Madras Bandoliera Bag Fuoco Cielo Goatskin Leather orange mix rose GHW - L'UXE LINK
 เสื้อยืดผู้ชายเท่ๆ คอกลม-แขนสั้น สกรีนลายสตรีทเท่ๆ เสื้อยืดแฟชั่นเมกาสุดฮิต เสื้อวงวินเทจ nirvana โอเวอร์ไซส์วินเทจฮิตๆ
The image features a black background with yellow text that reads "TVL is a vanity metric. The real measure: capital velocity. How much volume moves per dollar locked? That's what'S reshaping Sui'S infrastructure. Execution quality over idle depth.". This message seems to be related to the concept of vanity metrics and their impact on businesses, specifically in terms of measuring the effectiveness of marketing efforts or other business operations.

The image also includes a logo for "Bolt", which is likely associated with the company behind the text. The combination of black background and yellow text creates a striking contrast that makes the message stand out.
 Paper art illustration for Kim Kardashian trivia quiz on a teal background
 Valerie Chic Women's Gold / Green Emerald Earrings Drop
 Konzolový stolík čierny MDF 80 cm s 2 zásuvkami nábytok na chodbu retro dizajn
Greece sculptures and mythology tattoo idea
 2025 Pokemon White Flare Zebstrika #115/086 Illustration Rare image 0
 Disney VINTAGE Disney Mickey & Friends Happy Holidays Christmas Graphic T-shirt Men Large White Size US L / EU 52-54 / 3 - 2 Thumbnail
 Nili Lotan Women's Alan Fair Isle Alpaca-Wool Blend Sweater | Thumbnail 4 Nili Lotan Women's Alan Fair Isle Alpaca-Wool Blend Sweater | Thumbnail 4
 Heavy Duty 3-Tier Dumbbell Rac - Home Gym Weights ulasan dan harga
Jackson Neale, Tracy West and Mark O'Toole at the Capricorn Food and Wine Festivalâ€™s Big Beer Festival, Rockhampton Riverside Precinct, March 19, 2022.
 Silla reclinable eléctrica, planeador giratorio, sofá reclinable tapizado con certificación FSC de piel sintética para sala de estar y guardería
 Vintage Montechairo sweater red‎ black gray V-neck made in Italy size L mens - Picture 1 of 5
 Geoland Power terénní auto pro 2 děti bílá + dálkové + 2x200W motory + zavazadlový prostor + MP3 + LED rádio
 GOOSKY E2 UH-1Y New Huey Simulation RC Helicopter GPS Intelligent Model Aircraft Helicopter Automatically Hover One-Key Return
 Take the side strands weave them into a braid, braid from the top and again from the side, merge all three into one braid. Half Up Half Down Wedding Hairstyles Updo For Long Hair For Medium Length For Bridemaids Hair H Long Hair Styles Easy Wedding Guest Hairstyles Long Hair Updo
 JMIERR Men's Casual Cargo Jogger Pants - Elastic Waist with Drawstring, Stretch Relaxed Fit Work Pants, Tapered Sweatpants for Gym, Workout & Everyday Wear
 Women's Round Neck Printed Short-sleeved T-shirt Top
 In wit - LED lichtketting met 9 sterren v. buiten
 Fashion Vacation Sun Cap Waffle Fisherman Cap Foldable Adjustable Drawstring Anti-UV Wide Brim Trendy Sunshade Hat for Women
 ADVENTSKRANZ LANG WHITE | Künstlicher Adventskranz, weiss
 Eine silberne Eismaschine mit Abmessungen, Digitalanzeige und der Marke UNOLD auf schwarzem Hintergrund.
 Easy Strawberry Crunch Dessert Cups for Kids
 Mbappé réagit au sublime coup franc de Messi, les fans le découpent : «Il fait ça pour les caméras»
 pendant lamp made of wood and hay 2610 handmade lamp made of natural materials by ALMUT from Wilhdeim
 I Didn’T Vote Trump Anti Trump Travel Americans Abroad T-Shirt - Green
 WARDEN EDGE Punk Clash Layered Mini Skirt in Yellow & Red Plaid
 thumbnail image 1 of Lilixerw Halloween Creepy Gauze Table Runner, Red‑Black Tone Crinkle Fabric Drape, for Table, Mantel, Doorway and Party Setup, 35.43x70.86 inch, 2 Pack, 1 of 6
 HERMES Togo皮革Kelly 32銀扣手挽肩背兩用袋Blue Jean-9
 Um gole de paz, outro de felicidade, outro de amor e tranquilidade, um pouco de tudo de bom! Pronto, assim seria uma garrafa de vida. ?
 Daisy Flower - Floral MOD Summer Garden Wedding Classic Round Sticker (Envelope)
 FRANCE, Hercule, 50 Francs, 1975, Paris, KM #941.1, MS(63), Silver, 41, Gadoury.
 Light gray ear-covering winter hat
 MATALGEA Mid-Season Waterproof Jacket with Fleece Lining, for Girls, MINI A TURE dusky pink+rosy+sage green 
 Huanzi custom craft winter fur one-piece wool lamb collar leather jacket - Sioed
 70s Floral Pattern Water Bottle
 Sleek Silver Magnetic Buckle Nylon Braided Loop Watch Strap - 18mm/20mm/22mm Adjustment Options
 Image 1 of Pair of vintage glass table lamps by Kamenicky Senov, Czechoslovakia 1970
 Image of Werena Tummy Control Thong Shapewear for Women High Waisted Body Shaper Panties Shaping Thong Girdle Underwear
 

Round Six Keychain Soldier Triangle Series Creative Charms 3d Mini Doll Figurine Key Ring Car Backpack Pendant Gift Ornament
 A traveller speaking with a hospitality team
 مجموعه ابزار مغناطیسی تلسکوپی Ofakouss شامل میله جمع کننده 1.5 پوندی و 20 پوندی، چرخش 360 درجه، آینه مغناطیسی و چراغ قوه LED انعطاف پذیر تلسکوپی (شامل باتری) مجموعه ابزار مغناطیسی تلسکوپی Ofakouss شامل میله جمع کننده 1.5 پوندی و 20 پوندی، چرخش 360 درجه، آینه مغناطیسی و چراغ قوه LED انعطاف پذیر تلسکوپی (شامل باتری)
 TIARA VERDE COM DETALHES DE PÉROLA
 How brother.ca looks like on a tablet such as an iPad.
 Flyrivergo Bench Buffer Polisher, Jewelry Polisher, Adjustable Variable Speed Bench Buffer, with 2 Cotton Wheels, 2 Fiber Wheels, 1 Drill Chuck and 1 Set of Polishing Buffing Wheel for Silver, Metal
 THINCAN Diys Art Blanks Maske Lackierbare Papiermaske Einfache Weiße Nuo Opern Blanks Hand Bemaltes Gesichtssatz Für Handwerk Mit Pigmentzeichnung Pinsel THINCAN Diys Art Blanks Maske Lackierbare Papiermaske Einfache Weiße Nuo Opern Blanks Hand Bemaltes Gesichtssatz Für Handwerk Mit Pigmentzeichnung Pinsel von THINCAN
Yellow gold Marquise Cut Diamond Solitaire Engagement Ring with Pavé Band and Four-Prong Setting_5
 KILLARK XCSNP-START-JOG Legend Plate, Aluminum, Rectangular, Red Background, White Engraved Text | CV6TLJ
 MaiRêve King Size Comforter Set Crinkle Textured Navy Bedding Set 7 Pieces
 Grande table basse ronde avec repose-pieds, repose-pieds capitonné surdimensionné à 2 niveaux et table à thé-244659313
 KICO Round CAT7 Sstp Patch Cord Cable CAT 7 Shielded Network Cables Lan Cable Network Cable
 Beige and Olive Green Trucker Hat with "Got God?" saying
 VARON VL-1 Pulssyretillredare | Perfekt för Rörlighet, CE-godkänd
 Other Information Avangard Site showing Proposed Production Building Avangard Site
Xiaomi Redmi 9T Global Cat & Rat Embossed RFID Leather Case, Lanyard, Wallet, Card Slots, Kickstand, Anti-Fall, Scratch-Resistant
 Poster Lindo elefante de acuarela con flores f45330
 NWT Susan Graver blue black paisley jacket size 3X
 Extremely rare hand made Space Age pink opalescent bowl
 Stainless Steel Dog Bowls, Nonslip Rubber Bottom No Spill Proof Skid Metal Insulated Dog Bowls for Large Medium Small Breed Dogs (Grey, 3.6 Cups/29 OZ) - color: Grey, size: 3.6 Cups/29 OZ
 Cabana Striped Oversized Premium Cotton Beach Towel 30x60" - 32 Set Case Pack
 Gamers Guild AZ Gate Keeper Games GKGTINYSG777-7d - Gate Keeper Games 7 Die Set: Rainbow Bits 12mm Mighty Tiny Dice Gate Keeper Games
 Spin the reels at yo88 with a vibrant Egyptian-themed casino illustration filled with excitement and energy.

◆ ◆ ◆ ◆ ◆ ◆ ◆

Exercise objective
Check each line above for "Wedding" and return the ones that have it.

Your solution
 Take the side strands weave them into a braid, braid from the top and again from the side, merge all three into one braid. Half Up Half Down Wedding Hairstyles Updo For Long Hair For Medium Length For Bridemaids Hair H Long Hair Styles Easy Wedding Guest Hairstyles Long Hair Updo
 Daisy Flower - Floral MOD Summer Garden Wedding Classic Round Sticker (Envelope)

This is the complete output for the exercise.